Recorded data:

- - - -

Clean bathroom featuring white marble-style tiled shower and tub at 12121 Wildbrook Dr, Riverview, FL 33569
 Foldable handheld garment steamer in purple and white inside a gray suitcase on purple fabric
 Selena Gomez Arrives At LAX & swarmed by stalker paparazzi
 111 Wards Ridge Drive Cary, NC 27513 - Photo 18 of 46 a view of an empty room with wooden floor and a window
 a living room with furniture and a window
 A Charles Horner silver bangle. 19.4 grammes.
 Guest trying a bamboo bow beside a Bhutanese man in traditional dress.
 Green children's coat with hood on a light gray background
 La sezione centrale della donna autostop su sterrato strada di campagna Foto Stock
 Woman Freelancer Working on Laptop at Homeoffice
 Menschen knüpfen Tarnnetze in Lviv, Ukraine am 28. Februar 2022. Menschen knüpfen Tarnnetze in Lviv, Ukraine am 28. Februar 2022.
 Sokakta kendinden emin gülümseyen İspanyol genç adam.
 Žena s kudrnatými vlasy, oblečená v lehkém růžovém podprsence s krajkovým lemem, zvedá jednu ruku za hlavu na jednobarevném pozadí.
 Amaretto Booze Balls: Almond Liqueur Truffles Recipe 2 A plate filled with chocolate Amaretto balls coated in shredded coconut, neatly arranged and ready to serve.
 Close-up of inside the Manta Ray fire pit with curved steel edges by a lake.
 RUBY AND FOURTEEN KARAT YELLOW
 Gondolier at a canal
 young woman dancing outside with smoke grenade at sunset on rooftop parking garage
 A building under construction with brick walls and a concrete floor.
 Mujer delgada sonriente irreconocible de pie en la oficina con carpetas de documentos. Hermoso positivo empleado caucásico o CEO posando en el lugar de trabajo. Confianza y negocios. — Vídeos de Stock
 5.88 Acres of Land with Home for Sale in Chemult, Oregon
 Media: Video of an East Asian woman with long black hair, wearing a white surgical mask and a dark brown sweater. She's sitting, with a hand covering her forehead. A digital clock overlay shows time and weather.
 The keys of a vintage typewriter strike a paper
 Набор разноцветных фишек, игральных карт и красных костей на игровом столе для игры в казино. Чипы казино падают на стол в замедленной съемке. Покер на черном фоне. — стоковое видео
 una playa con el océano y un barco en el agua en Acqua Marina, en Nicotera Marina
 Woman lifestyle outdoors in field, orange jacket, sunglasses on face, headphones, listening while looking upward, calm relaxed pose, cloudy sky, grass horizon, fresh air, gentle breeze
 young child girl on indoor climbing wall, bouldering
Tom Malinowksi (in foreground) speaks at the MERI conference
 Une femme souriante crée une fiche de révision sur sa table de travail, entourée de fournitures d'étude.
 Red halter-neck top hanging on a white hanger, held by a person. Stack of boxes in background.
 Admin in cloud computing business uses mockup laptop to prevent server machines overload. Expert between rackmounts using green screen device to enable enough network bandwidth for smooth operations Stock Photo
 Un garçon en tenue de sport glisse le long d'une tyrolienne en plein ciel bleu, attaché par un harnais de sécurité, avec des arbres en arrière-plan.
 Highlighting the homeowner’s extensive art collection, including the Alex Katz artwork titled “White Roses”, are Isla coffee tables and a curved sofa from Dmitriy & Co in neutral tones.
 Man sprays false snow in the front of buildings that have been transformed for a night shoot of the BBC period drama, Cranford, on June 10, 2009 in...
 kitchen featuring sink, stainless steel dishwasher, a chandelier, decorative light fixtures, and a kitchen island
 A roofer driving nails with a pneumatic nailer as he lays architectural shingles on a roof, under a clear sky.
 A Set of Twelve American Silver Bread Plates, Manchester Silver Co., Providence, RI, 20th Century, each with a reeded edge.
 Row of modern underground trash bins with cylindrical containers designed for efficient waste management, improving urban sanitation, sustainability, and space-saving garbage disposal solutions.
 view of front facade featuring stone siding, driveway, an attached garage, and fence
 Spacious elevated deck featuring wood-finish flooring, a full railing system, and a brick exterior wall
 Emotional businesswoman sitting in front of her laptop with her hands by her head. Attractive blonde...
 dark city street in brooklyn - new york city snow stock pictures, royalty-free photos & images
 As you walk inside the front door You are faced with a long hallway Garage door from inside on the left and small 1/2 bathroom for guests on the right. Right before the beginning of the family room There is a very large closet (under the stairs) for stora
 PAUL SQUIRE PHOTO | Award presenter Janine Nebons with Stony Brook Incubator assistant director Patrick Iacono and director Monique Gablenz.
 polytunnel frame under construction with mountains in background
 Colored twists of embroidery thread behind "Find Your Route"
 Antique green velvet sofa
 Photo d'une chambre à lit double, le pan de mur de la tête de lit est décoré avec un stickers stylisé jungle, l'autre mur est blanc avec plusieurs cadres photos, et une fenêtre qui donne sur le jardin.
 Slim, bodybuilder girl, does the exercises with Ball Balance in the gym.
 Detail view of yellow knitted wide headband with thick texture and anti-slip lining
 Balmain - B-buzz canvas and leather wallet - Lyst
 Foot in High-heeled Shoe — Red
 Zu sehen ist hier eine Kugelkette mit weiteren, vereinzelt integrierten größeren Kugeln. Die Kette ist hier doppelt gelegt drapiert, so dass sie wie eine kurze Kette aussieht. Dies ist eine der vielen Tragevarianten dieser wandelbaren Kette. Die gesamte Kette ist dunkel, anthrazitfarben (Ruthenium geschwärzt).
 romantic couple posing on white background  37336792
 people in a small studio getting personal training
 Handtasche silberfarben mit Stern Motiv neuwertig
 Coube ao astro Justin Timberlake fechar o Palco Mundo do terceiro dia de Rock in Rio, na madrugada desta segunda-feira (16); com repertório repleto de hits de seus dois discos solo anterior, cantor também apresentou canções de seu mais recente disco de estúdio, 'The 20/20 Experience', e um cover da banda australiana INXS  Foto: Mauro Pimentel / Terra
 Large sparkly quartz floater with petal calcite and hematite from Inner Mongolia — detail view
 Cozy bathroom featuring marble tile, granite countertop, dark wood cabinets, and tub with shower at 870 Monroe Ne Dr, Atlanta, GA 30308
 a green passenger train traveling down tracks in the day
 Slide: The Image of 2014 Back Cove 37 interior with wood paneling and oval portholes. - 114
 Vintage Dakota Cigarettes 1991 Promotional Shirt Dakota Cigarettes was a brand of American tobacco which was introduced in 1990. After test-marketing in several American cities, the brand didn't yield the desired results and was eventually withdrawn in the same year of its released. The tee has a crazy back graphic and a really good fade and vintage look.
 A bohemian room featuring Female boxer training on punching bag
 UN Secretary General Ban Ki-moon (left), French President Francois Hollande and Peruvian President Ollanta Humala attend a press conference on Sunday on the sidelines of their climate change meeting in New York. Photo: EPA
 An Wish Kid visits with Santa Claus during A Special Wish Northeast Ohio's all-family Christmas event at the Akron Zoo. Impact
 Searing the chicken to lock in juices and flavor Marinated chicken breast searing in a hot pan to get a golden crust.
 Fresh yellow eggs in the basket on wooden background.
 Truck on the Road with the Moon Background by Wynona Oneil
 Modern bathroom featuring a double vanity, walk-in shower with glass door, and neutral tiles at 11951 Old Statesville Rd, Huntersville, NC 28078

- - - -

**WHAT IS EXPECTED**.
From the data above, reproduce word for word the lines running from the line with "UN Secretary General" to the line with "Truck on the", ends included.

**YOUR RESPONSE**.
 UN Secretary General Ban Ki-moon (left), French President Francois Hollande and Peruvian President Ollanta Humala attend a press conference on Sunday on the sidelines of their climate change meeting in New York. Photo: EPA
 An Wish Kid visits with Santa Claus during A Special Wish Northeast Ohio's all-family Christmas event at the Akron Zoo. Impact
 Searing the chicken to lock in juices and flavor Marinated chicken breast searing in a hot pan to get a golden crust.
 Fresh yellow eggs in the basket on wooden background.
 Truck on the Road with the Moon Background by Wynona Oneil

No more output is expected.